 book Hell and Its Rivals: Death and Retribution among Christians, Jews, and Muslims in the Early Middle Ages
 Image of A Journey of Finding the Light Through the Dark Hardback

---

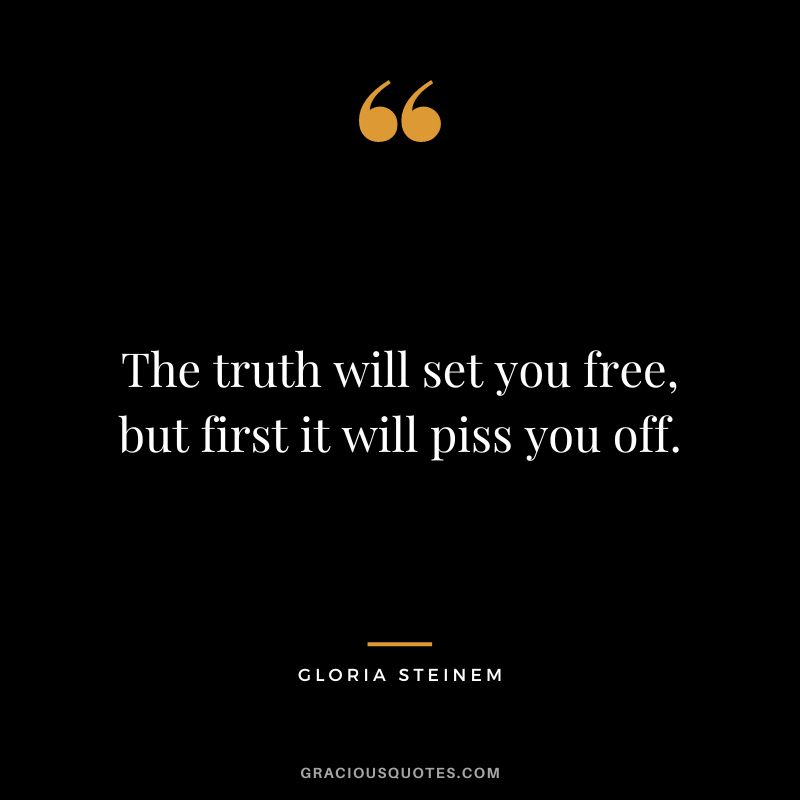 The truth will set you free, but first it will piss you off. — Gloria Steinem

* _Exercise_: Using the data above, reproduce exactly the lines between those holding "book Hell and" and "Image of A Journey", inclusive, and no others.

* _Written solution_:
 book Hell and Its Rivals: Death and Retribution among Christians, Jews, and Muslims in the Early Middle Ages
 Image of A Journey of Finding the Light Through the Dark Hardback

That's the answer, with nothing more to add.